### WHAT YOU WILL DO
Using the listing below, set down exactly the lines from the one that contains "Диригентка Нансі Мілезіс" through the one that contains "harmaa Volkswagen ID.3 2023 kuva 24.", with no pictures.

### RECORDS PROVIDED
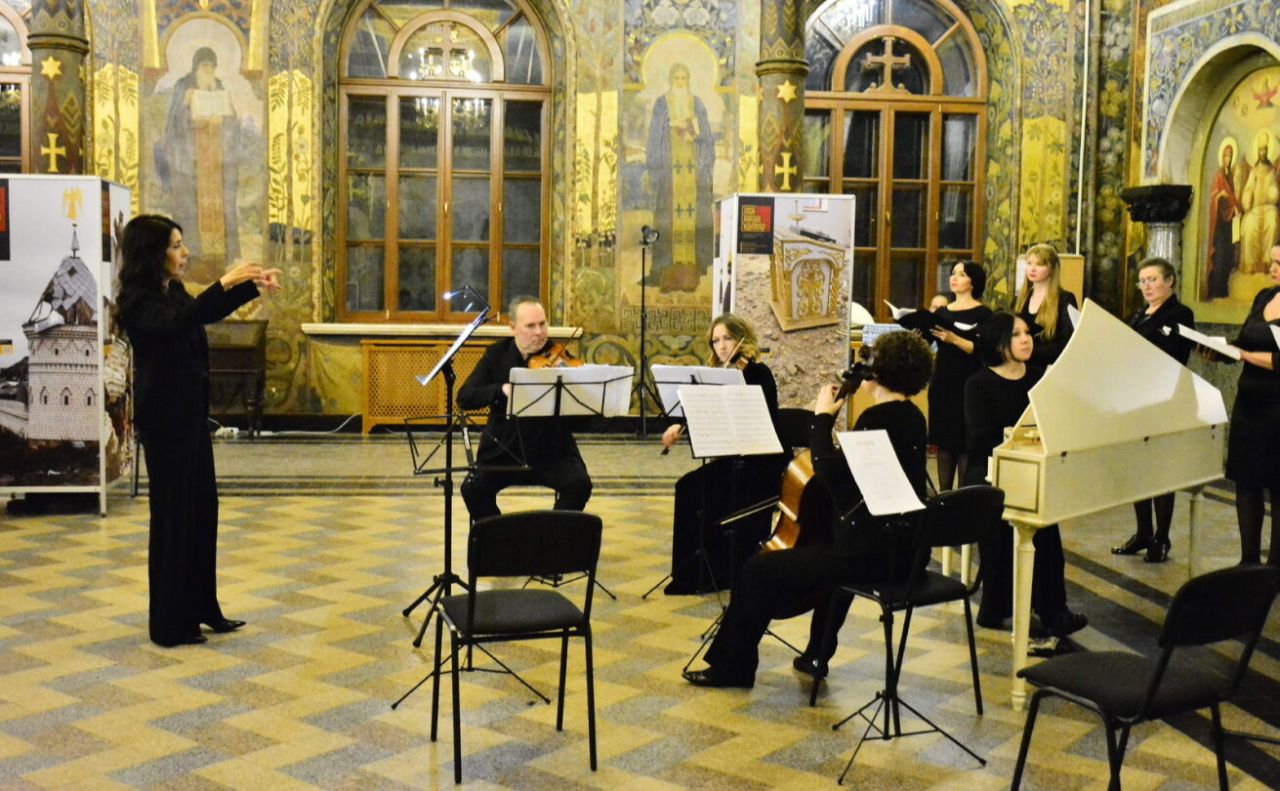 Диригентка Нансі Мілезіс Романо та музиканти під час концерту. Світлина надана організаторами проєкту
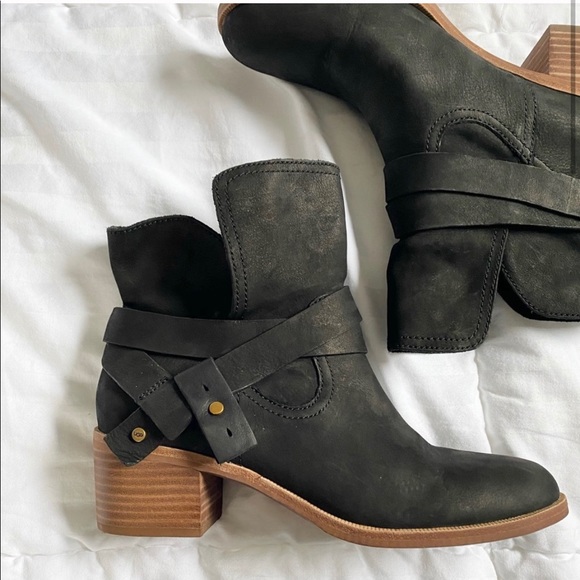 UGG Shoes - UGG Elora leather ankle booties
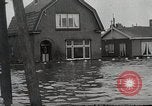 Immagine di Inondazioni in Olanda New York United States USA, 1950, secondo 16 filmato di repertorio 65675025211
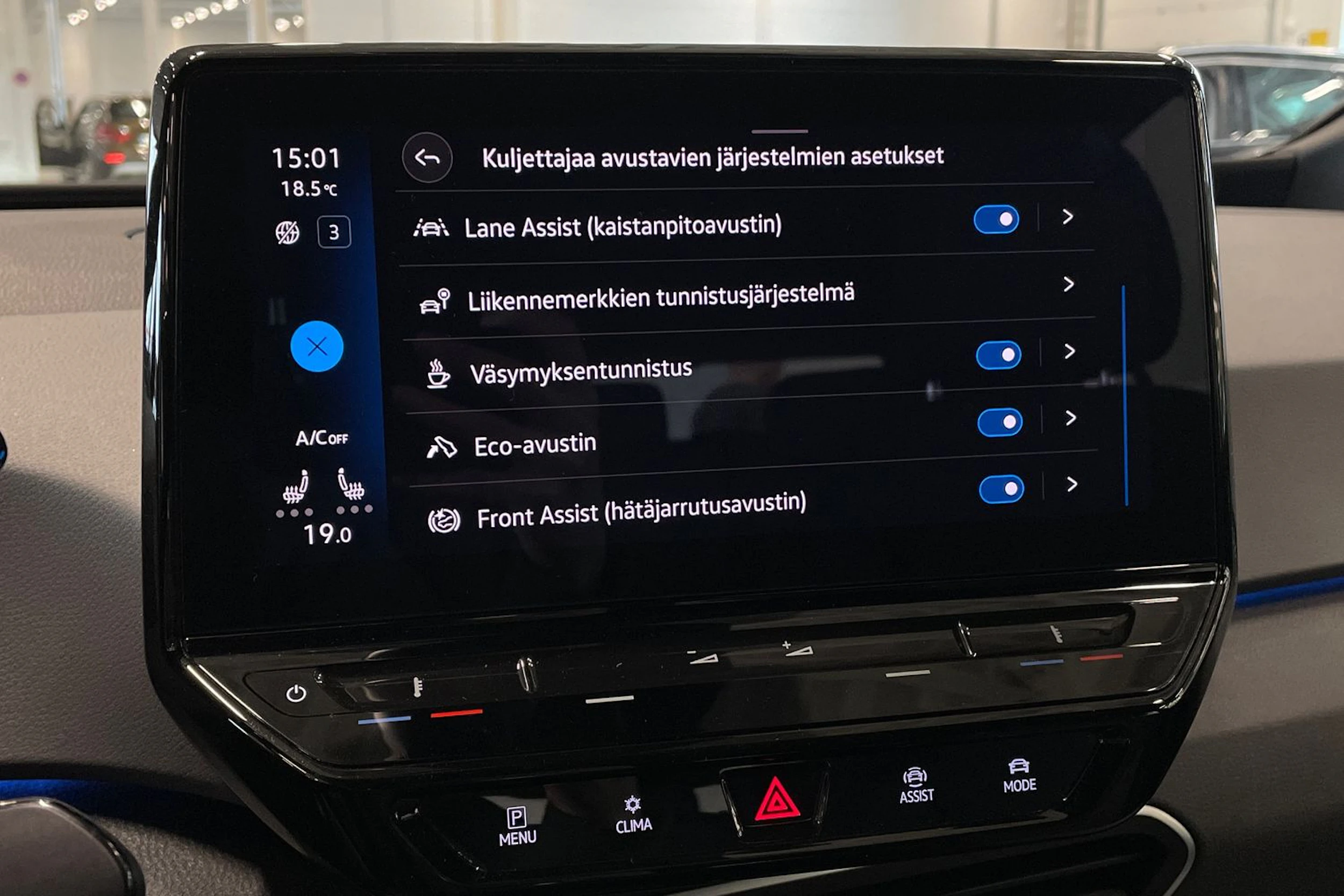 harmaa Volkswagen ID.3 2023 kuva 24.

==

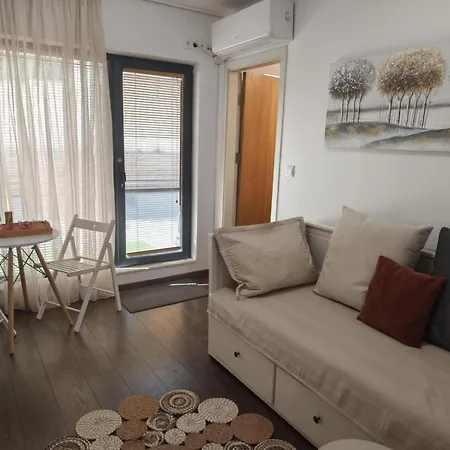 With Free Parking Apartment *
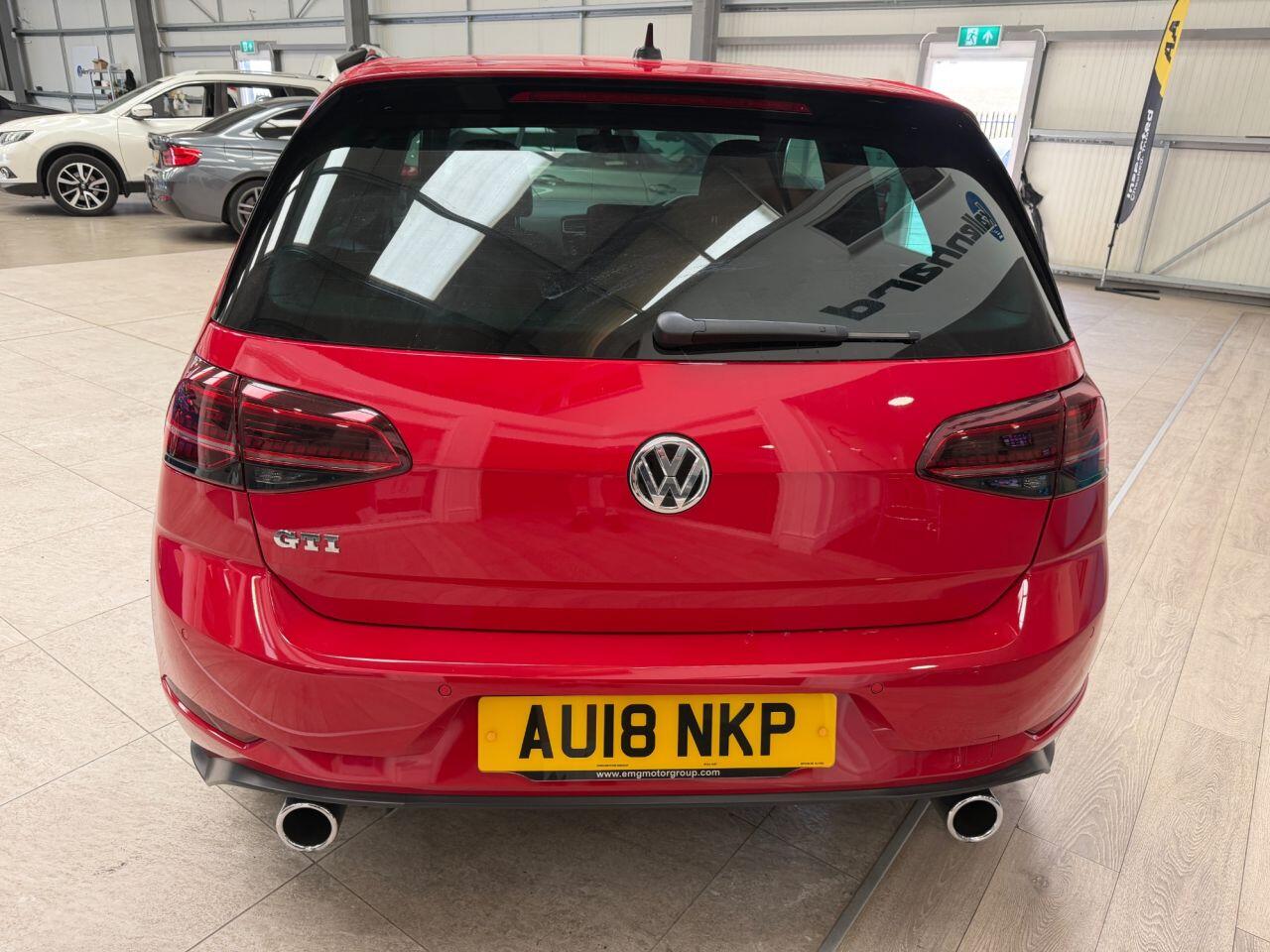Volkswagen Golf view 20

### ANSWER
 Диригентка Нансі Мілезіс Романо та музиканти під час концерту. Світлина надана організаторами проєкту
 UGG Shoes - UGG Elora leather ankle booties
 Immagine di Inondazioni in Olanda New York United States USA, 1950, secondo 16 filmato di repertorio 65675025211
 harmaa Volkswagen ID.3 2023 kuva 24.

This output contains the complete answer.